The Statistics Act 1999 is concerned with more than just the population census (although that does feature as an important purpose of the statute). The Act falls under the authority of the Minister of Finance, but the Statistician-General administers the Act. He is also the accounting officer for Statistics South Africa, which is the statutory body responsible for collating and compiling statistics, and the data necessary to assist organs of state, businesses, other organisations – and the public in general – in their planning, decision-making, monitoring and assessment of policies, decisions and other actions.

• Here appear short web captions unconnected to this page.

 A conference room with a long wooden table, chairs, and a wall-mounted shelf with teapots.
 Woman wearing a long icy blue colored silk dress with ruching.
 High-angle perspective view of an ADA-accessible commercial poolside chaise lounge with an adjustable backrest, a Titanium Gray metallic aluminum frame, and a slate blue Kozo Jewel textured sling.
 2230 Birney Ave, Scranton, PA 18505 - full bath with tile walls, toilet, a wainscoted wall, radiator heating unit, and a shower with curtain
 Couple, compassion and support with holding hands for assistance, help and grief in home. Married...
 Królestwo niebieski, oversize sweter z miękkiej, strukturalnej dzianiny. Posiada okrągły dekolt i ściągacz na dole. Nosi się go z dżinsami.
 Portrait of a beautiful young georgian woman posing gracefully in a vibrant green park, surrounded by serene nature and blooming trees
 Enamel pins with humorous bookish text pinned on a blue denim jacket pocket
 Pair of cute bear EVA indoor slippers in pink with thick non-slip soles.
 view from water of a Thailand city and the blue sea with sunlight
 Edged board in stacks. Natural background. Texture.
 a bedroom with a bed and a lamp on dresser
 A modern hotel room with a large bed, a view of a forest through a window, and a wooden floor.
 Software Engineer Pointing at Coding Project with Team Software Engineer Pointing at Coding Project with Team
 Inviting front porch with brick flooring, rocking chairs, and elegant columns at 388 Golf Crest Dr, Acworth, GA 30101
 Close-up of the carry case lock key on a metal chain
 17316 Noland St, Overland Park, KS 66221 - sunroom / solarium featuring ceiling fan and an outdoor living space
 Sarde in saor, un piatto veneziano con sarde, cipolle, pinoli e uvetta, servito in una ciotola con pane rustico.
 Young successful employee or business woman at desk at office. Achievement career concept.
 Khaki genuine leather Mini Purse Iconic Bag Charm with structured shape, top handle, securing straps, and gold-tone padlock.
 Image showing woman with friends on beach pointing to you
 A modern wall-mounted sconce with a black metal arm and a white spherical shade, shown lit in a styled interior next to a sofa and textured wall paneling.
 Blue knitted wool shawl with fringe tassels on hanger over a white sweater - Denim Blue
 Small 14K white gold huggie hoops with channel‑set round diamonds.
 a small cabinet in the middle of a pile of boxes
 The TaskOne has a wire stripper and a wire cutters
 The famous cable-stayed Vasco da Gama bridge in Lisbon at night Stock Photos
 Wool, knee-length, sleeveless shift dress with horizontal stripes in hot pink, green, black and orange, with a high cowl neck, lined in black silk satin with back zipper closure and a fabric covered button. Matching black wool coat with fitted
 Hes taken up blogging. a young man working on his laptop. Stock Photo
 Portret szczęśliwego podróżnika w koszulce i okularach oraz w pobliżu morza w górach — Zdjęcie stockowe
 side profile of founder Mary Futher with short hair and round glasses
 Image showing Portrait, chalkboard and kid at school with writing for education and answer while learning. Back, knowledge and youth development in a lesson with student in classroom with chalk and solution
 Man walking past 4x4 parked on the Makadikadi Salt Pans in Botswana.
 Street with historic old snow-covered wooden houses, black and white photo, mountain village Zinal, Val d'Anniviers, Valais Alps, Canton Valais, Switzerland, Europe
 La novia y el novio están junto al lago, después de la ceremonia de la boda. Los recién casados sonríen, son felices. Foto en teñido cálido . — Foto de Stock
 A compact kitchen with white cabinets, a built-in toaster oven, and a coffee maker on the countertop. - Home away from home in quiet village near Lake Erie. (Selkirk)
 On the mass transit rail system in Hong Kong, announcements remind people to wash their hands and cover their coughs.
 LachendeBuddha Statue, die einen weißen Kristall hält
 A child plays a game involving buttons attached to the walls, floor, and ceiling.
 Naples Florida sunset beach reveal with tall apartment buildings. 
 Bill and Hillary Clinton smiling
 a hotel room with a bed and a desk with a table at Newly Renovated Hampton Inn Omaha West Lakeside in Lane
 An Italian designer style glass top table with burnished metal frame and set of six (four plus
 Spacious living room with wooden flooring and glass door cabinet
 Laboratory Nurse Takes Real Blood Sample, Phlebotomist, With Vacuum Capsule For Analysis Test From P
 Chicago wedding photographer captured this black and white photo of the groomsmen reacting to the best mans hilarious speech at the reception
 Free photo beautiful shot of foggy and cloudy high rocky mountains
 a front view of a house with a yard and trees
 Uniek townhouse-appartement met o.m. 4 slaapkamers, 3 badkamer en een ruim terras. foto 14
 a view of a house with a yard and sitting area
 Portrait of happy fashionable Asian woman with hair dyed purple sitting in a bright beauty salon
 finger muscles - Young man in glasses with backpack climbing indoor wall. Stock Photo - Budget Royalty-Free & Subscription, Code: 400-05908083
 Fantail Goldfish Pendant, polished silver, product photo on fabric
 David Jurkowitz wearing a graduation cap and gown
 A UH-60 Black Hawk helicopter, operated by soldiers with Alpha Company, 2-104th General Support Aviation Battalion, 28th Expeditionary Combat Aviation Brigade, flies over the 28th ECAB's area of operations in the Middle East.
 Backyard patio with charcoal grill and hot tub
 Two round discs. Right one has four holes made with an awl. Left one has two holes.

A. Officers of Statistics South Africa

  1. Any officer of Statistics South Africa who, in the course of his employment, makes any false declaration, statement or return is guilty of an offence.2

  2. It is a crime for an officer to obtain (or seek to obtain) information that he is not authorised to obtain, or put to any person a question which he is not authorised to ask.3

  3. It is a crime for an officer to ask of, or receive, or take from anybody any payment or reward in connection with his employment (other than his salary, of course).4

  4. If an officer discloses any data or information obtained in the course of employment to a person not authorised to receive that information, he commits an offence.5

  5. If an officer uses information obtained in the course of his employment for the purpose of speculating in shares, or in any goods or services, before its release is authorised by the Statistician-General he will be guilty of an offence.6

B. Impersonation

  1. Any person who impersonates an officer of Statistics South Africa for the purpose of obtaining information from any person or body is guilty of an offence.7

  2. It is also a crime8 to represent that you are:

    • entering land or premises with authority for the purpose of making enquiries or observations necessary for achieving the purpose of the Act;9 or
    • putting a question to someone in the performance of official functions, when you are not an officer of Statistics South Africa and duly authorised to do so.10

C. Obstruction

  1. It is a crime to refuse the Statistician-General, or any authorised officer of Statistics South Africa, entry onto any land or into any premises.11

  2. It is a crime to refuse to permit the Statistician-General, or an authorised officer, to inspect anything on land or in any premises.12

  3. It is a crime to obstruct the Statistician-General, or any officer, in the exercise of a power or the performance of a duty in terms of the Act.13

D. Supplying information

  1. Any individual (other than an employee of an organ of state), business or other organisation that:
    • fails to answer a question officially put to him;14
    • furnishes an answer to such a question which is false or misleading in any material respect;15
    • fails to furnish information or sign a declaration officially required of him;16
    • furnishes such information which is false or misleading in any material respect;17
    • incites any other person so to act,

    is guilty of an offence.18

  2. If after 14 days from the date of sentencing for any of the above offences, the information has still not been furnished, that individual, business or other organisation is guilty of a further offence.19

E. Confidentiality

  1. Any person who discloses any information collected (from an individual, a household, an organ of state, a business or any other organisation) for official or other statistics-related purposes, commits an offence if such disclosure is not within an exemption allowed for in terms of the Act.20
  1. Extract from Henry David Thoreau’s work Civil Disobedience – Part 1 of 3. See Thoreau was a 19th century American author, naturalist, philosopher and abolitionist. The essay Civil Disobedience was an argument for individual resistance to civil government in moral opposition to an unjust state, which was later given far greater recognition following the lifelong pursuits for justice by Marthin Luther King, Jr. 

  2. Section 18(1)(a). 

  3. Section 18(1)(b) and (c). 

  4. Section 18(1)(d). 

  5. Section 18(1)(e). 

  6. Section 18(1)(f)(i) and (ii). 

  7. Section 18(2)(a). 

  8. Section 18(2)(b). 

  9. Section 15(1). 

  10. Section 16(1). 

  11. Section 18(3)(d)(i). 

  12. Section 18(3)(d)(ii). 

  13. Section 18(3)(e). 

  14. Section 18(3)(a). 

  15. Section 18(3)(a). 

  16. Section 18(3)(b). 

  17. Section 18(3)(b). 

  18. Section 18(3)(c). 

  19. Section 18(4)(b). 

  20. Section 17(1) read with 18(1)(g).